Commercial fit depends on what your users are doing all day

For ecommerce teams, GPT Image 2 is often better when the asset needs strong product realism plus accurate label or headline rendering. Nano Banana Pro is often better when the same team is repeatedly adapting, localizing, relighting, or compositing those assets across different campaign contexts.

For design systems teams, GPT Image 2 is useful when the job is generating UI-like or layout-heavy creative. Nano Banana Pro is more compelling when the job is transforming or preserving an existing visual system. For creative ops, Nano Banana Pro usually wins earlier because so much of the work is versioning, cleanup, and controlled asset mutation.

A practical recommendation for developers

If you only want one model and your product is generation-first, start with GPT Image 2. It is easier to justify when new asset creation and text rendering are the most visible outcomes.

If you only want one model and your product is edit-first, start with Nano Banana Pro. It is easier to justify when the workflow depends on preserving some parts of the image while changing others.

If the product does both at meaningful volume, the best pattern is usually not to force one model into both jobs. Use GPT Image 2 as the generation-first default and Nano Banana Pro as the edit-and-composition default.

  • Start with GPT Image 2 for text-heavy generation and polished first-pass asset creation.
  • Start with Nano Banana Pro for editing, compositing, relighting, and multi-reference workflows.
  • Route between them if your users frequently move from prompt generation into downstream asset refinement.

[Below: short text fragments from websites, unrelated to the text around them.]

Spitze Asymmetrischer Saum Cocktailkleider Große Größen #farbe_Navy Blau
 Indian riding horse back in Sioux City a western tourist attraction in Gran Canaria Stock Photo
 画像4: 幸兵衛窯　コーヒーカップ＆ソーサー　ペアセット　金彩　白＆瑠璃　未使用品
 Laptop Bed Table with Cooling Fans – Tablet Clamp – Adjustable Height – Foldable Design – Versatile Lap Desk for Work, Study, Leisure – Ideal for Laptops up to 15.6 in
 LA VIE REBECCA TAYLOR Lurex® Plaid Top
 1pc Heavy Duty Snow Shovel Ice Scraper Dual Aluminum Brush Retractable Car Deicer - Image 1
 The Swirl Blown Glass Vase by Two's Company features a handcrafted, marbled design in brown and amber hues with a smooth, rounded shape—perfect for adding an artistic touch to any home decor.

What to compare before you ship

Before choosing one model for production, compare the product behaviors that actually matter: can the model generate readable text, can it preserve structure while editing, can it combine multiple references, and does its request shape fit the UI you want to build?

That is a better test than asking which model wins a side-by-side beauty contest, because the long-term cost of an image API comes from workflow mismatch more than from isolated aesthetic preference.

  • Does the product start from prompts or from existing source assets?
  • How often do users need multiple references in one request?
  • Is text rendering critical to the final output?
  • Do users need preserve-and-change editing more often than net-new generation?

Frequently asked questions

Which is better for text rendering: Nano Banana Pro or GPT Image 2?

For most developers, GPT Image 2 is the safer first choice when readable in-image text is central to the output.

Which is better for editing and composition?

Nano Banana Pro is usually the stronger choice when the workflow is edit-heavy, reference-heavy, or built around preserve-versus-change instructions.

Should I choose one model or use both?

If your product supports both generate-first and edit-first workflows at scale, using both models is often more practical than forcing one model into every stage.

What is the cleanest product split?

A practical default is GPT Image 2 for text-heavy and generation-first asset creation, with Nano Banana Pro handling downstream edits, relighting, localization, and composition work.